As the demo ran, I was clearly able to identify not only where sounds were coming from, but how close they were from me. Put simply, I felt much more immersed in the experience than I did with normal stereo sound. Immersion is a term that gets thrown around rather liberally, but in this case, it's completely legitimate.

Near the end of the demo, I heard a rumbling and cracking sound from behind and above where I was standing. When I turned around and looked up, the ceiling of the room began breaking apart. Moments later, I found myself taking a few steps back to avoid the monster breaking through the breach. I heard the event before I saw it.
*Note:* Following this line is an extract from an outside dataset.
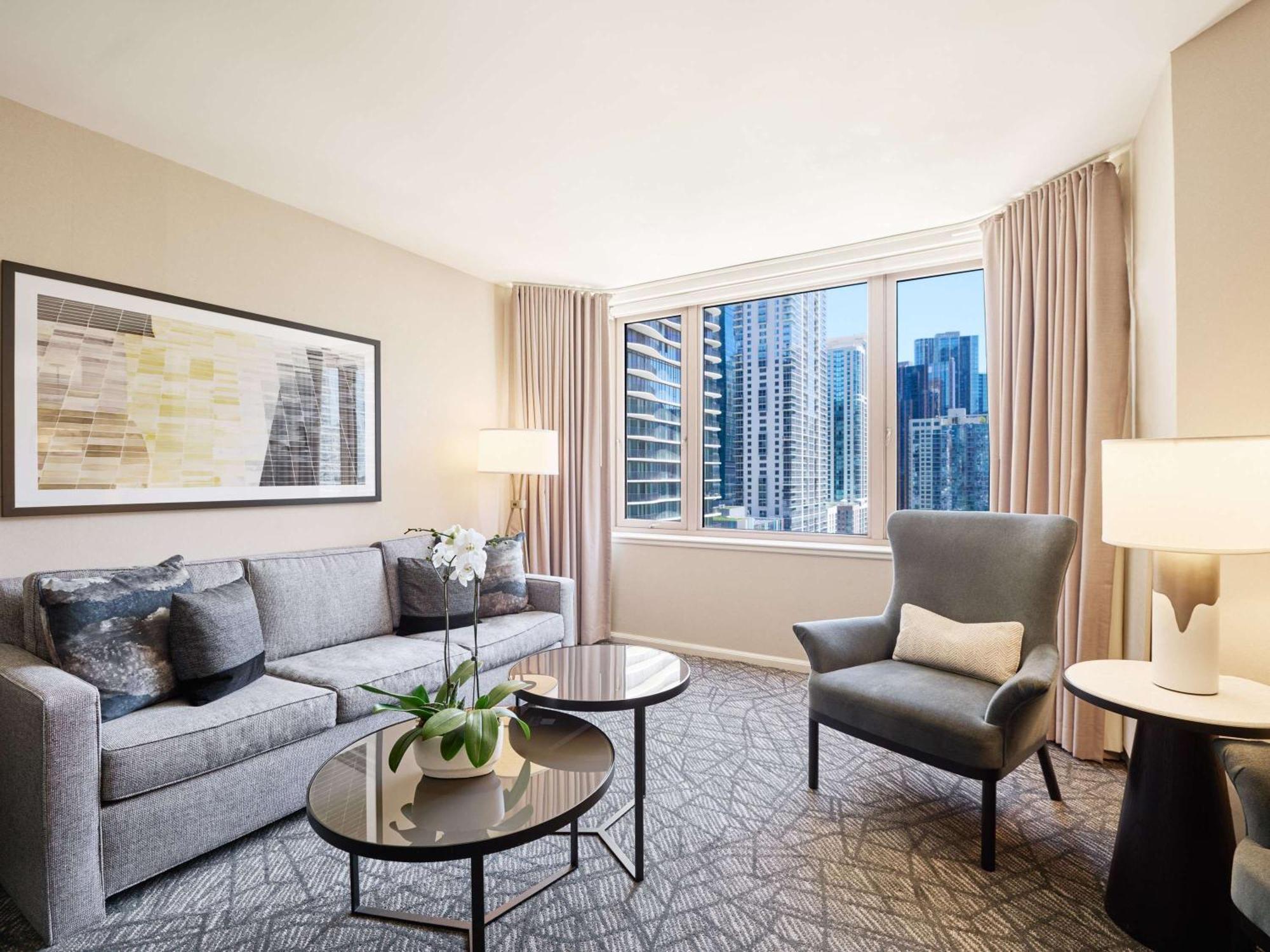Fairmont Chicago Millennium Park Hotel Exterior photo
Without HRTFs, I would have heard the sounds coming from my side instead.

During a Steam Dev Days event in 2014, Oculus chief scientist Michael Abrash, who was at the time with Valve, spoke much about the aspect of "presence" as a critical level where one is convinced of realism and "being" in VR. Although Abrash spoke of presence in terms of the visual aspect of VR, it's clearly just as important to obtain the same "presence" in audio.

In case you're wondering, the Oculus Rift fully supports 3D audio as part of its API. It's clear that Oculus knows 3D audio is a critical part of VR immersion and presence, and we're hyped about how games are going to take advantage of this.

In a horror film, ambient sounds and creepy noises are half the movie. Have you ever tried watching a horror film in silence? It's not nearly as frightening. However, in a completely dark room where you're unable to see anything, hearing creepy sounds can really spook you, especially if they're coming from behind you.

There's no denying that 3D audio, when implemented with correct HRTFs, works really well. For the desktop gaming experience, it's an area that's been lacking attention for years, but it's coming back strong. Even though my experience was just a demo, the stimulus tricked me into behaving instinctively. In a VR game, that reaction could mean the difference between life and death.